1.1 环境配置 Ubuntu20.04+cuda11.1

conda create --name mask2former python=3.8 -y

conda activate mask2former

conda install pytorch==1.9.0 torchvision==0.10.0 cudatoolkit=11.1 -c pytorch -c nvidia

pip install -U opencv-python

git clone git@github.com:facebookresearch/detectron2.git

上面这个git不好用的话就手动下载这个代码

cd detectron2

pip install -e .

pip install git+https://github.com/cocodataset/panopticapi.git

cd ..

git clone git@github.com:facebookresearch/Mask2Former.git

同理,可以手动下载这个源码

cd Mask2Former

pip install -r requirements.txt

cd mask2former/modeling/pixel_decoder/ops

sh make.sh

上述内容就是完整的配置环境的过程

1.2 数据集预处理

1.2.1 划分为训练集和验证集

import os
import json
import shutil
from sklearn.model_selection import train_test_split

# 文件夹路径
img_folder = '/hy-tmp/pic'
mask_folder = '/hy-tmp/cv2_mask'
output_dir = '/hy-tmp/output'

# 创建输出文件夹
train_img_folder = os.path.join(output_dir, 'train2017')
train_mask_folder = os.path.join(output_dir, 'train2017_masks')
val_img_folder = os.path.join(output_dir, 'val2017')
val_mask_folder = os.path.join(output_dir, 'val2017_masks')

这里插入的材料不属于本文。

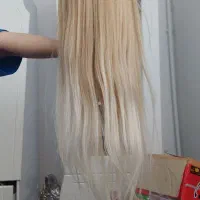 کله مانکن کاملا نو بدون استفاده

os.makedirs(train_img_folder, exist_ok=True)
os.makedirs(train_mask_folder, exist_ok=True)
os.makedirs(val_img_folder, exist_ok=True)
os.makedirs(val_mask_folder, exist_ok=True)

# 读取所有图像文件名
img_files = [f for f in os.listdir(img_folder) if os.path.isfile(os.path.join(img_folder, f))]

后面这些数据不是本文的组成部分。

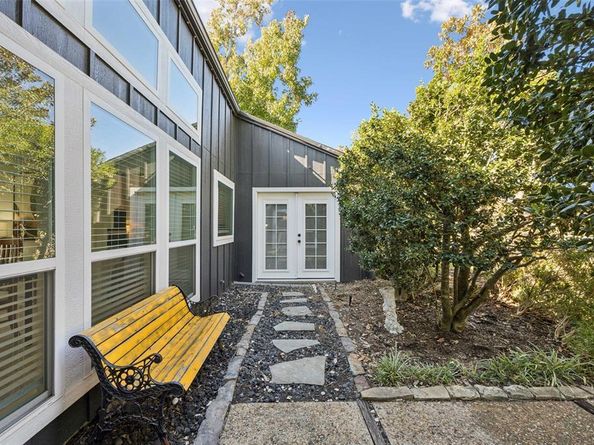 3820  Big Horn Trail , Plano Texas 75075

# 使用 train_test_split 划分数据集
train_files, val_files = train_test_split(img_files, test_size=0.2, random_state=42)

# 复制文件到相应的文件夹
for img_filename in train_files:
    img_name, img_ext = os.path.splitext(img_filename)
    shutil.copy(os.path.join(img_folder, img_filename), os.path.join(train_img_folder, img_filename))
    shutil.copy(os.path.join(mask_folder, img_name + '.png'), os.path.join(train_mask_folder, img_name + '.png'))

for img_filename in val_files:
    img_name, img_ext = os.path.splitext(img_filename)
    shutil.copy(os.path.join(img_folder, img_filename), os.path.join(val_img_folder, img_filename))
    shutil.copy(os.path.join(mask_folder, img_name + '.png'), os.path.join(val_mask_folder, img_name + '.png'))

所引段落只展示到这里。